Writing About Performance Without Writing About Performance: The Living Archive of Sylvie Tourangeau as a Space of Commoning
I can’t write about the last performance I saw Sylvie Tourangeau do without acknowledging that I won’t really write about the performance she did. It’s not the detailed picture that interests me, nor is it (I believe) where the power of this work resides. It is in the invisibility of pre-performance research and the methodology that Tourangeau deploys. It is in the effects of the piece as a whole and the conversations I had with her after seeing it.

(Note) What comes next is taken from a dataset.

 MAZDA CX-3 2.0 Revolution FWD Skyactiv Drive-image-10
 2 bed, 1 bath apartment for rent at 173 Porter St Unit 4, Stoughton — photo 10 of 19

It’s not that individual actions don’t matter. But the occurrence of active witnessing, as highlighted by Tourangeau’s series of evocative offerings during VIVA! Art Action’s 2022 event, is what is at the heart of her performative proposal. This, and a recognition of the agency that abandoned spaces hold, too. Combined, what emerges is the notion of the “living archive”: where visible traces of a decades-long artistic trajectory (as embodied by Tourangeau) intersect with the social currency of a historical location to activate – and make circulate – the invisible spirit that inhabits and infuses the remaining skeleton of the performance’s setting.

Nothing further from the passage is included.